All of us have authority in one or another way. So, once we red this Word as disciples, we are reminded that we are called to do it in Jesus’ style: being servers, not dictators. And this is precisely the missionary vocation of the Church: to serve Humanity with the Word of Truth and Actions of love, made concrete in actions of help to any one in need: charitable help, schools, health centres, brotherly communities… Celebrating the Eucharist, we pray to the Holy Spirit to enable us to be true disciples of Jesus by way of serving our spouses, our brothers and sisters, our neighbours, the members of our community, especially the most needed.
P. Antonio Villarino, MCCJ

Mark 10: 35-45
“The Great Exercise of Power”

Fr. Raniero Cantalamessa

Isaiah 53:2a.,3a.,10-11; Hebrews 4:14-16; Mark 10:35-45

After the Gospel on riches, this Sunday’s Gospel gives us Christ’s judgment on another of the great idols of the world: power. Power, like money, is not intrinsically evil. God describes himself as “the Omnipotent” and Scripture says “power belongs to God” (Psalm 62:11). However, given that man had abused the power granted to him, transforming it into control by the strongest and oppression of the weakest, what did God do?

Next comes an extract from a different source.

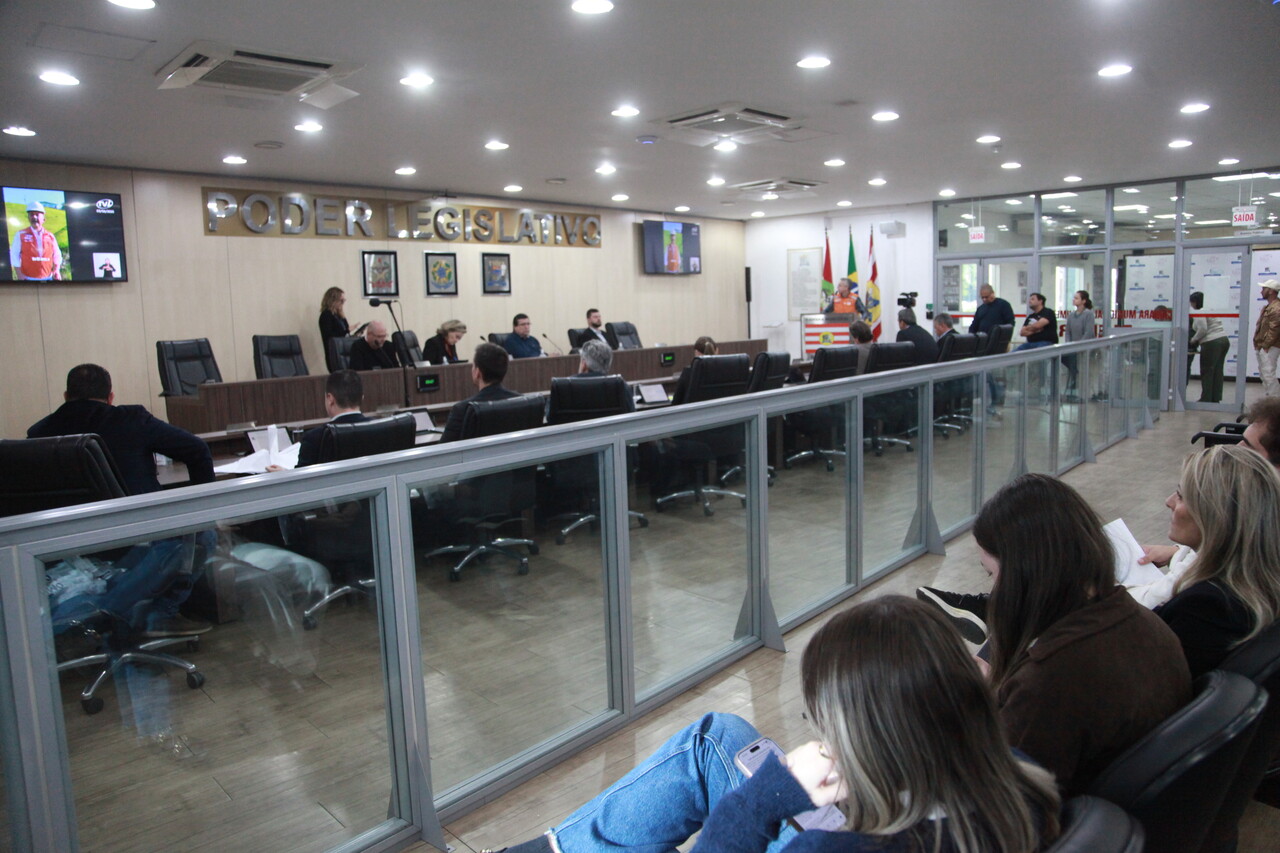 Confira os projetos e proposições aprovados na sessão desta terça-feira (3)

To give us an example, God stripped himself of his omnipotence; from being “omnipotent,” he made himself “impotent”. He “emptied himself, taking the form of a servant” (Philippians 2:7). He transformed power into service. The first reading of the day contains a prophetic description of this “impotent” Savior. “He grew up like a sapling before him, like a shoot from the parched earth. … He was spurned and avoided by men, a man of suffering, accustomed to infirmity.”

Thus a new power is revealed, that of the cross: “Rather, God chose the foolish of the world to shame the wise” (1 Corinthians 1:27). In the Magnificat, Mary sings in advance this silent revolution brought by the coming of Christ: “He has thrown down the rulers from their thrones” (Luke 1:52).

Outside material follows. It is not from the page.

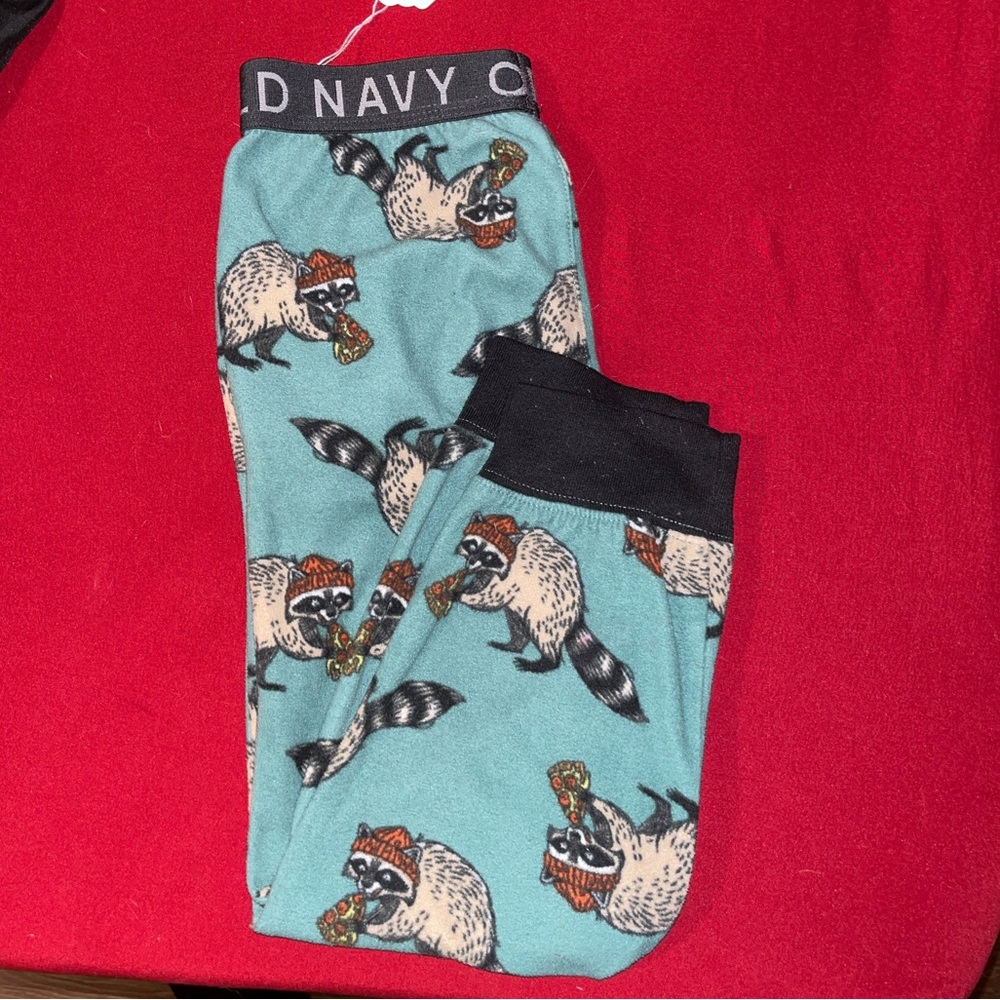 Old Navy Raccoon pizza Print Fleece Pajama pants 6/7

Who is accused under this denunciation of power? Only dictators and tyrants? Would that it were so! It would refer, in this case, to exceptions. Instead, it affects us all. Power has infinite ramifications, it gets in everywhere, as certain sands of the Sahara when the sirocco wind blows. It even gets into the Church.

The problem of power, therefore, is not posed only in the political realm. If we stay in that realm, we do no more than join the group of those who are always ready to strike others’ breast for their own faults. It is easy to denounce collective faults, or those of the past; it is far more difficult when it comes to personal and present faults.

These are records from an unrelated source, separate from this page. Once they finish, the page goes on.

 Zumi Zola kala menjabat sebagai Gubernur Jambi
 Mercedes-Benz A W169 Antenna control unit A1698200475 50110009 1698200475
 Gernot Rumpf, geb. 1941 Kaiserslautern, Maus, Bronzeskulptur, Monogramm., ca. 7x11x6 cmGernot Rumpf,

Mary says that God “dispersed the arrogant of mind and heart; he has thrown down the rulers from their thrones” (Luke 1:51ff.). She singles out implicitly a precise area in which the “will to power” must be combated: our own hearts. Our minds — the thoughts of the heart — can become a kind of throne on which we sit to dictate laws and thunder against those who do not submit to us. We are, at least in our wishes if not in deeds, the “mighty on thrones.”

Sadly, in the family itself it is possible that our innate will to power and abuse might manifest itself, causing constant suffering to those who are victims of it, which is often — not always — the woman. What does the Gospel oppose to power? Service: a power for others, not over others!

Power confers authority, but service confers something more, authority that means respect, esteem, a true ascendancy over others. The Gospel also opposes power with nonviolence, that is, power of another kind, moral, not physical power. Jesus said that he could have asked the Father for twelve legions of angels to defeat his enemies who were just about to crucify him (Matthew 26:53), but he preferred to pray for them. And it was in this way that he achieved victory.

Service is not always expressed, however, in silence and submission to power. Sometimes it can impel one to raise one’s voice against power and its abuses. This is what Jesus did. In his life he experienced the abuse of the political and religious power of the time. That is why he is close to all those — in any environment (the family, community, civil society) –who go through the experience of an evil and tyrannical power.

With his help it is possible not “to be overcome by evil,” as he was not — more than that, to “overcome evil with good” (Romans 12:21).